Knowing them, I was sure they’d be heartbroken, so I didn’t mention it when they returned home. But now, days later, I’m feeling guilty.

Do I come clean and admit I saw him take his first steps, or do I pretend nothing happened and let them believe they shared that moment with him?

Sincerely,

Major misstep

Jane’s Sunday Service

Guilt is a terrific burden and we often want to remove the weight of it without considering the fact that we might be passing it to someone else to carry.

But before we ‘confess’ to something think about what will cause the least harm. We are all human. We all make mistakes and are destined to disappoint people during our lives.

Sometimes the best we can do is to try to learn from those mistakes, so we do not make them again. 

 

Dear Major misstep,

I don’t know that this is as major a misstep as you think.

While I believe secrets are corrosive, and get in the way of relationships, I’m not sure that this entirely qualifies as one.

If you didn’t know how excited they were about him walking, you might not have even thought to mention it.

In fact, the more you make it a big deal, the weightier it becomes. 

There are a couple of options here.

Given how excited they were about witnessing the baby’s first steps, there is no harm in quietly letting them have their version. 

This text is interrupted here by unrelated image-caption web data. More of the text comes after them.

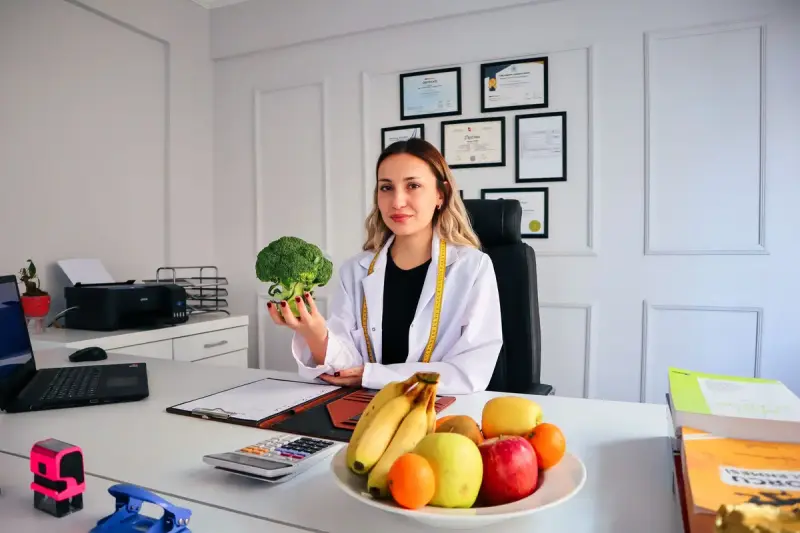 Nutritionist at her office desk holding broccoli beside a bowl of fruit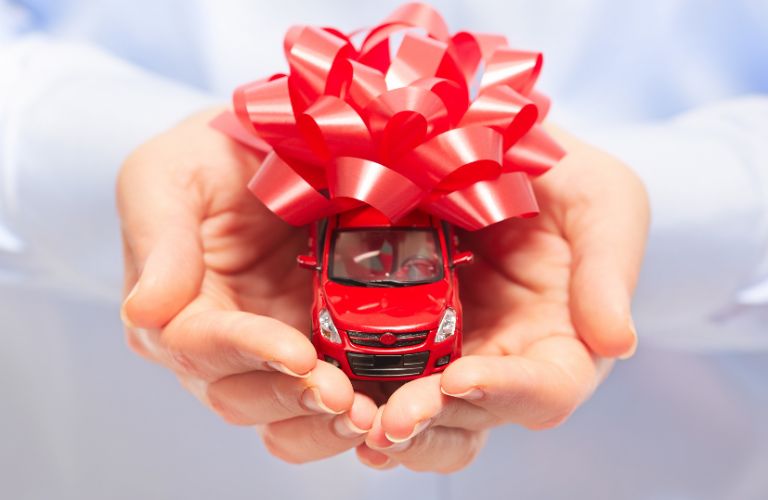 image of a person's hands holding a toy car wrapped in ribbon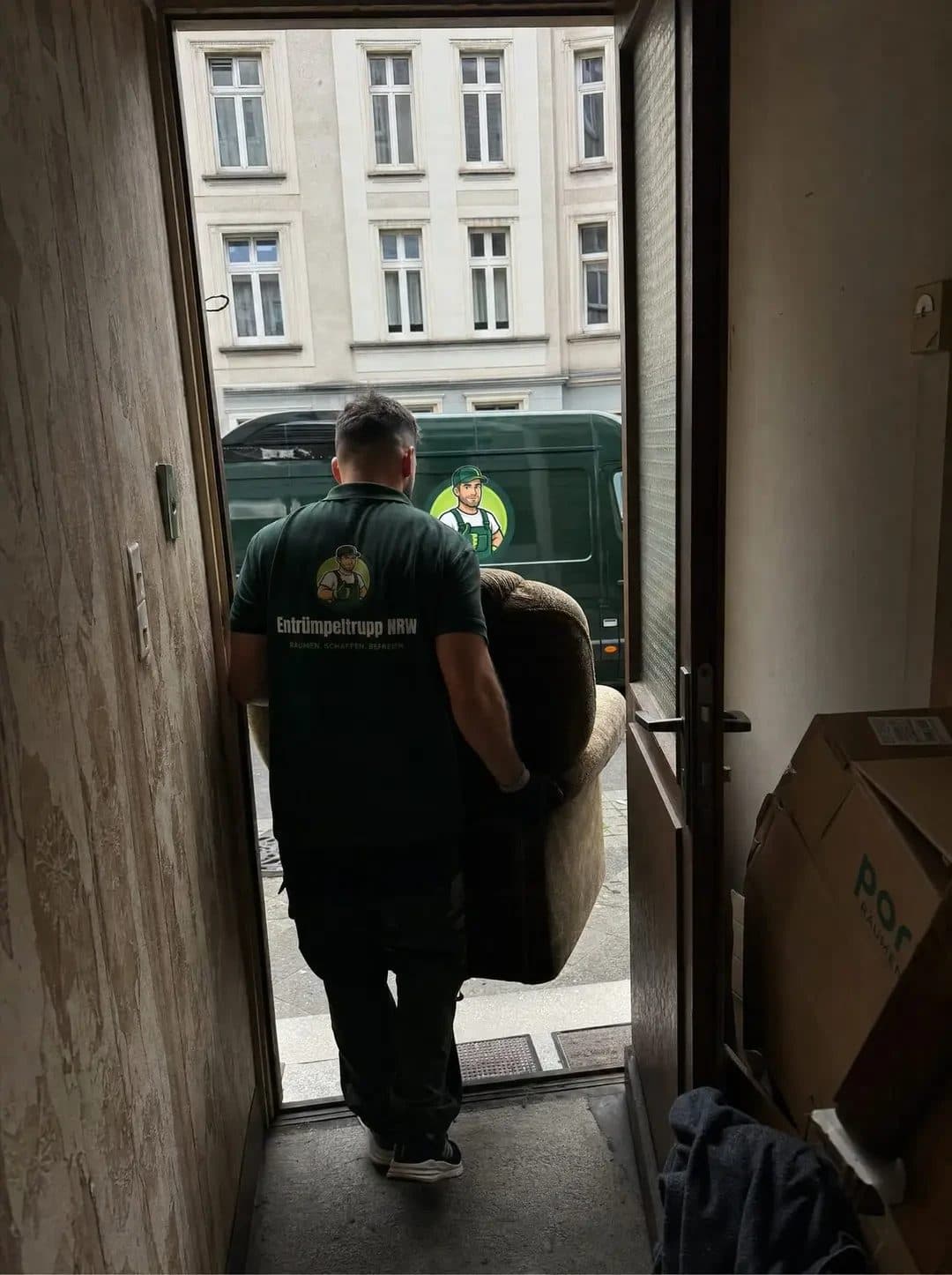 Mitarbeiter von Entrümpeltrupp NRW trägt einen Sessel aus einem Altbau in Essen zum Firmentransporter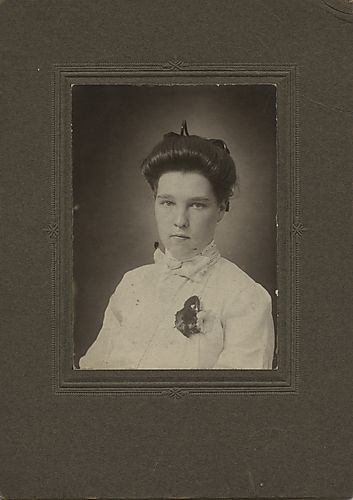Portrait of a young girl in a white dress with a corsage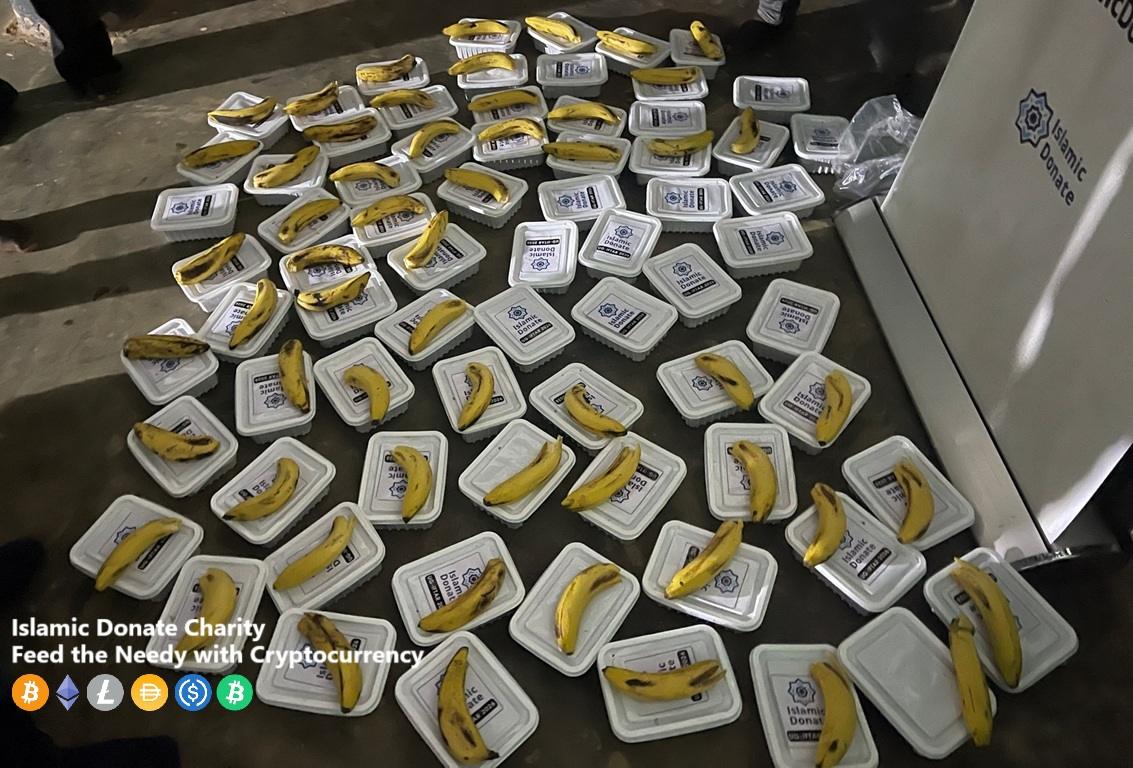 Many portions of food aid with bananas are prepared for donation, supported by crypto. Feed the Needy with Cryptocurrency like SOL.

Babies often take a few wobbly sample steps before they actually start walking, and they may still get to have their moment.

If you don’t think you can live with the guilt, you can casually mention that he tried a couple of steps with you and he’s learning so quickly! Say you were thrilled, and can’t wait for him to do it properly with them. 

This shares the joy, rather than stealing it.

The middle ground might be waiting for some point in the future, when they bring up the subject of him walking, at which time you can say that you were convinced he took a step when you were babysitting. 

Whatever choice you make – whichever causes the least harm and feels most true to you – doesn’t have to be this giant boulder that sits in the middle of your relationship with them.